[Start of Attachment]

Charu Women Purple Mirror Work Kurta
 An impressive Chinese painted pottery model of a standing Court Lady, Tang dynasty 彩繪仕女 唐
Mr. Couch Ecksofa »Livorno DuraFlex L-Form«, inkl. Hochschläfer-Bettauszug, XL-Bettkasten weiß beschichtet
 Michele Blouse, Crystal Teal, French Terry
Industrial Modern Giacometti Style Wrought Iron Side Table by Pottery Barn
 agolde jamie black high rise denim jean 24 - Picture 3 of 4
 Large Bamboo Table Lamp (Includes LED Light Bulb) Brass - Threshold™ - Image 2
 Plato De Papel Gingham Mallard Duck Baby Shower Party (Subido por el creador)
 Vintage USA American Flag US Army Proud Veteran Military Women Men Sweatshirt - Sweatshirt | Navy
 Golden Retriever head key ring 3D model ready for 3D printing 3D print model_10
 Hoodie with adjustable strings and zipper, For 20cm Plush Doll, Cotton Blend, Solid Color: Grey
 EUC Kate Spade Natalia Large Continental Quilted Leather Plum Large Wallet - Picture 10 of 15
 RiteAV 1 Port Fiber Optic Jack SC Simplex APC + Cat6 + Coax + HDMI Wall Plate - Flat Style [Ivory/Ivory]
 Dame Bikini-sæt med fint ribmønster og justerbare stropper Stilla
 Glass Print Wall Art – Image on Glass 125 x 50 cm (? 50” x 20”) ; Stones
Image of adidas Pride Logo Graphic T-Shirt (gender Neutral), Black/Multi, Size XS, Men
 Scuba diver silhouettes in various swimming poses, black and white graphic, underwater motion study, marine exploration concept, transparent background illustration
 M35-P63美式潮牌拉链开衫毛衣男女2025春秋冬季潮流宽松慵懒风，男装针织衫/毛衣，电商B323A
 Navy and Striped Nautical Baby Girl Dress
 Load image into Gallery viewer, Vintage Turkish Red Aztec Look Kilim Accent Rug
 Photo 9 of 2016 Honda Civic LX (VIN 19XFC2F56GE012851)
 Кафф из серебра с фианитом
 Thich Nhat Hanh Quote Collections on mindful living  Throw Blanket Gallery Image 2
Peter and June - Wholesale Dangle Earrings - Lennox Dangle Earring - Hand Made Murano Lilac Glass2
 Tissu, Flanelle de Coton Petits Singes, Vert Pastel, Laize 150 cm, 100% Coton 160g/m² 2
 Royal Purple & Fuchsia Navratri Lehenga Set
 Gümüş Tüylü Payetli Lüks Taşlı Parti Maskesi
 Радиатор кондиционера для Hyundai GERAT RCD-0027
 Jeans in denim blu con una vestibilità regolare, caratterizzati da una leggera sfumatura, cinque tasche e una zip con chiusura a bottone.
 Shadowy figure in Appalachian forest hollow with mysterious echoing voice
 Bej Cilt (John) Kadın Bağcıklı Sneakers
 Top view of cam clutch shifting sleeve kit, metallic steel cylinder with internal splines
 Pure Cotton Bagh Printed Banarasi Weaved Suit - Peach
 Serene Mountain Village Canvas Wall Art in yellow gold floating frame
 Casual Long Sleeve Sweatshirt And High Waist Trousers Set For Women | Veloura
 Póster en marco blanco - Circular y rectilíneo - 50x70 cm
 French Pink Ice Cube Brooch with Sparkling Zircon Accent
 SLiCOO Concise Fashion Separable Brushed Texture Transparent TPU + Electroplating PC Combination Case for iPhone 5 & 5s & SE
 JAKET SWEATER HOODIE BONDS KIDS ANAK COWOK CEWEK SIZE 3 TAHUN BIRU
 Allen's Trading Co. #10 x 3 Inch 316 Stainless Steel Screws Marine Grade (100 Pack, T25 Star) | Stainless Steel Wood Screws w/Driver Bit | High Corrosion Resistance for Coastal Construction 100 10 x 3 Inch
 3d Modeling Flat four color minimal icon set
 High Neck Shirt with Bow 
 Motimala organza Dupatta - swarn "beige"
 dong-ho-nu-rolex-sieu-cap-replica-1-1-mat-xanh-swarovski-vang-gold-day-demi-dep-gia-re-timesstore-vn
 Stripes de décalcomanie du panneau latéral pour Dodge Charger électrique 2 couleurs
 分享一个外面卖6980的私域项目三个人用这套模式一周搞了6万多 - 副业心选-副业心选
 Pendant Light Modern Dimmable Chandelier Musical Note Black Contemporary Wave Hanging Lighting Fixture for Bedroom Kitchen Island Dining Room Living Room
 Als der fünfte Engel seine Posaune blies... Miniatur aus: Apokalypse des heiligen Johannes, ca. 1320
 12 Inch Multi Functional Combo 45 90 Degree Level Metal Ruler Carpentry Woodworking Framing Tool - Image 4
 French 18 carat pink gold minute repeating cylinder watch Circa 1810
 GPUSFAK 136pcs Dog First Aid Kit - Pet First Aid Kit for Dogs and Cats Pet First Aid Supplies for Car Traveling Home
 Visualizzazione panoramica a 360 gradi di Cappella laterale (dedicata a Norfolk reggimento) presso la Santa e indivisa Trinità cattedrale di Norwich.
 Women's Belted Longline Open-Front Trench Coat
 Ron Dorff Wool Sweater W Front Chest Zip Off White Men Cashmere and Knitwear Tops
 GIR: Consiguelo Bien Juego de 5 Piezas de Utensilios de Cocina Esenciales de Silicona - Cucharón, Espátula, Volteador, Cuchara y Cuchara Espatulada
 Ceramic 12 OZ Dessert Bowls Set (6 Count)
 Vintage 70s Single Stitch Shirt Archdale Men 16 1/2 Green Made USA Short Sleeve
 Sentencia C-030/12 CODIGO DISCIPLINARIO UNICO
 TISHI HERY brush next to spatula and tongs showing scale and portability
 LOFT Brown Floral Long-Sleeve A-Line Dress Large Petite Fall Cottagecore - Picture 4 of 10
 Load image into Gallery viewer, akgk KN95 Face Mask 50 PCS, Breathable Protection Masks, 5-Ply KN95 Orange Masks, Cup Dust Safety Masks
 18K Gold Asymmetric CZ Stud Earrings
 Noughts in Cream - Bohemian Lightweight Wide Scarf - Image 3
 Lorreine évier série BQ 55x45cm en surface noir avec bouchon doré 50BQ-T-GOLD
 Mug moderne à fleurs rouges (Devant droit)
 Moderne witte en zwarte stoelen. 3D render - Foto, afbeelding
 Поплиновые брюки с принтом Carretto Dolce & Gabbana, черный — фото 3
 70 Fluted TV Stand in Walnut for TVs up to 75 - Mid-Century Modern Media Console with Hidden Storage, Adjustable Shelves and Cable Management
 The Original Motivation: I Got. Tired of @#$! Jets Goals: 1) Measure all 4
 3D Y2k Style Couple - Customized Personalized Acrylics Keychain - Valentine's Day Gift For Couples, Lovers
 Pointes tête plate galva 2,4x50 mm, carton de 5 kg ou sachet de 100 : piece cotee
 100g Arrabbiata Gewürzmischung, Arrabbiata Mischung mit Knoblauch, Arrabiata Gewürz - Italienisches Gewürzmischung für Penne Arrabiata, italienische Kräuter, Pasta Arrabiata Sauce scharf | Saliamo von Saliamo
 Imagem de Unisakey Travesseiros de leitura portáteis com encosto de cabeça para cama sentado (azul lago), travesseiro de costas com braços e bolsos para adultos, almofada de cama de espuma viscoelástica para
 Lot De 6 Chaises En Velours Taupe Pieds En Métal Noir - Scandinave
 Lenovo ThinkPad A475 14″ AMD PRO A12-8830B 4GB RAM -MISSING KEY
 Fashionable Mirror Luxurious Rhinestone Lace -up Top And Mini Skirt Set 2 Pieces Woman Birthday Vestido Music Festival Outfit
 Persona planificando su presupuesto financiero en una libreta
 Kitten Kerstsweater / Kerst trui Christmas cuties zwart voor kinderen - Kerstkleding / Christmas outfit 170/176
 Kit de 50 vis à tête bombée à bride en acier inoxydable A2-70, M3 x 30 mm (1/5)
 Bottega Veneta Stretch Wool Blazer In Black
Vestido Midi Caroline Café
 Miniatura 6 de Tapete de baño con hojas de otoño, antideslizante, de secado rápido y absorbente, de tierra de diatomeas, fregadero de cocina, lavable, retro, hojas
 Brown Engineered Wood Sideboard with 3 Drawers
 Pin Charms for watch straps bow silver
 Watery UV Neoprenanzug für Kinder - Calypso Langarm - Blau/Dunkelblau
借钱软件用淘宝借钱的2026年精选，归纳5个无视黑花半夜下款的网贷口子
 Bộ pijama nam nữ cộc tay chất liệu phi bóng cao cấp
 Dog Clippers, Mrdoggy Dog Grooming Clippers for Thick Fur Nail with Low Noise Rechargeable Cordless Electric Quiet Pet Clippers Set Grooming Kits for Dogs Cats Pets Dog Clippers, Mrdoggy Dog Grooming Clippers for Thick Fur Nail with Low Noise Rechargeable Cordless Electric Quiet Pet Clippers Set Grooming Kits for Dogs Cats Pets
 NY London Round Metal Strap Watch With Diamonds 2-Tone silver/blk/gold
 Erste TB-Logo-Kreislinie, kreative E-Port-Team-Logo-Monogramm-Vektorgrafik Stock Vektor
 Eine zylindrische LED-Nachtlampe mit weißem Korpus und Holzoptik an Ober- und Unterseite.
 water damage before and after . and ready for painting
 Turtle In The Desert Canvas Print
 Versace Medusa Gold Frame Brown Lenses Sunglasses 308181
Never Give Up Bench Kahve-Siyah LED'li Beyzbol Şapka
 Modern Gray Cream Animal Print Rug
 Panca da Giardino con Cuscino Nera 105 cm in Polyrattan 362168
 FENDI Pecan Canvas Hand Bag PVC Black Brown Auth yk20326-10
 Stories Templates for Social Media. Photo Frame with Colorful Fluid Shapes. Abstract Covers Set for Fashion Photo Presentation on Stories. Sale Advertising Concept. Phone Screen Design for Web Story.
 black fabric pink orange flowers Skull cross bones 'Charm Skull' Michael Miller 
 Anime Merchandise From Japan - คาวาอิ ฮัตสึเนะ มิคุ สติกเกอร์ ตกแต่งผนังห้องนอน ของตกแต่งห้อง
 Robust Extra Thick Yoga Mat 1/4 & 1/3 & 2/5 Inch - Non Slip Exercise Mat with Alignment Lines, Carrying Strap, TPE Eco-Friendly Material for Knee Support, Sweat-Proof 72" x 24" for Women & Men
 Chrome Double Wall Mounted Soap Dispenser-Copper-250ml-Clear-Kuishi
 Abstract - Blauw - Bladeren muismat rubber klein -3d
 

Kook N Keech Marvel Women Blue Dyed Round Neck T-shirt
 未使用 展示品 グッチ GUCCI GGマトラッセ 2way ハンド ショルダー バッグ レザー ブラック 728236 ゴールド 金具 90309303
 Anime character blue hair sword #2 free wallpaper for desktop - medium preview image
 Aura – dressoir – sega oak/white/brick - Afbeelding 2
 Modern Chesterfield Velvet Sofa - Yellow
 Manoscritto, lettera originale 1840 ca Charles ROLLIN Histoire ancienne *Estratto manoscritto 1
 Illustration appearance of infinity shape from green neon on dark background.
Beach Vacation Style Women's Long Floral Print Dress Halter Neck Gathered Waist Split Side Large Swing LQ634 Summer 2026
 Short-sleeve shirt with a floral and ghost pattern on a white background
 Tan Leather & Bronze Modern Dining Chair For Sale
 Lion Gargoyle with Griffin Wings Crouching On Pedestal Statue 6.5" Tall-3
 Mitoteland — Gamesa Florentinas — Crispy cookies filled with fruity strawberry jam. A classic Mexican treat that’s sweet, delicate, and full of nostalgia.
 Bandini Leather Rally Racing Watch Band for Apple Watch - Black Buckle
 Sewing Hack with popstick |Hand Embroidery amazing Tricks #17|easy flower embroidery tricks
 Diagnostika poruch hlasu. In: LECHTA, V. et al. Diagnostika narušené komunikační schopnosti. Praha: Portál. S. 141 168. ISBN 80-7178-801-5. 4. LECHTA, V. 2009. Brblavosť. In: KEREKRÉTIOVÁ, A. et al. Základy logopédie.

[End of Attachment]

▶ Task statement: Working from the material above, restate word for word the lines between the line with "M35-P63美式潮牌拉链开" and the line with "Thich Nhat Hanh", both included, and only those.

▶ Solution to the exercise:
 M35-P63美式潮牌拉链开衫毛衣男女2025春秋冬季潮流宽松慵懒风，男装针织衫/毛衣，电商B323A
 Navy and Striped Nautical Baby Girl Dress
 Load image into Gallery viewer, Vintage Turkish Red Aztec Look Kilim Accent Rug
 Photo 9 of 2016 Honda Civic LX (VIN 19XFC2F56GE012851)
 Кафф из серебра с фианитом
 Thich Nhat Hanh Quote Collections on mindful living  Throw Blanket Gallery Image 2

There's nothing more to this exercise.